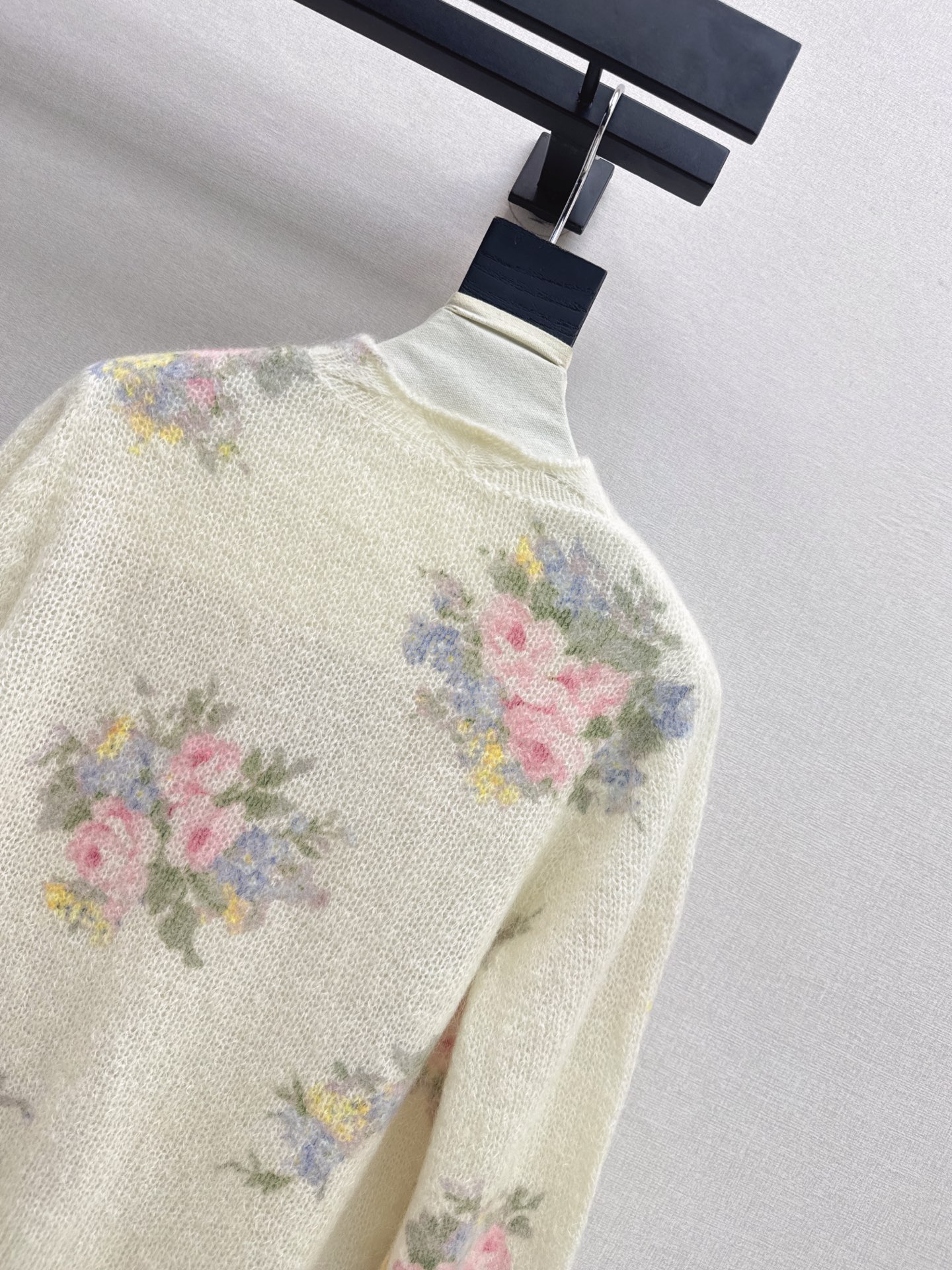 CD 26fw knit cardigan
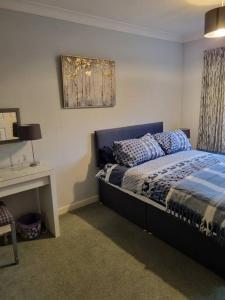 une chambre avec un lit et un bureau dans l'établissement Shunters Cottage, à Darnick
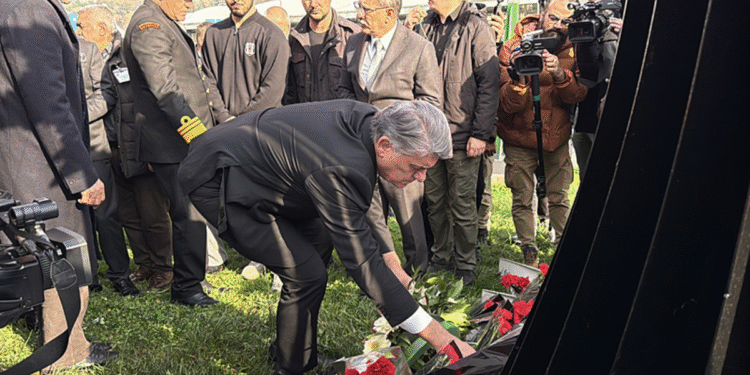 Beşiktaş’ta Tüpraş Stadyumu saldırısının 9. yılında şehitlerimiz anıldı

Work order
Pictures are to be left out; the rest of the listing should be printed exactly.

Output below
 CD 26fw knit cardigan
 une chambre avec un lit et un bureau dans l'établissement Shunters Cottage, à Darnick
 Beşiktaş’ta Tüpraş Stadyumu saldırısının 9. yılında şehitlerimiz anıldı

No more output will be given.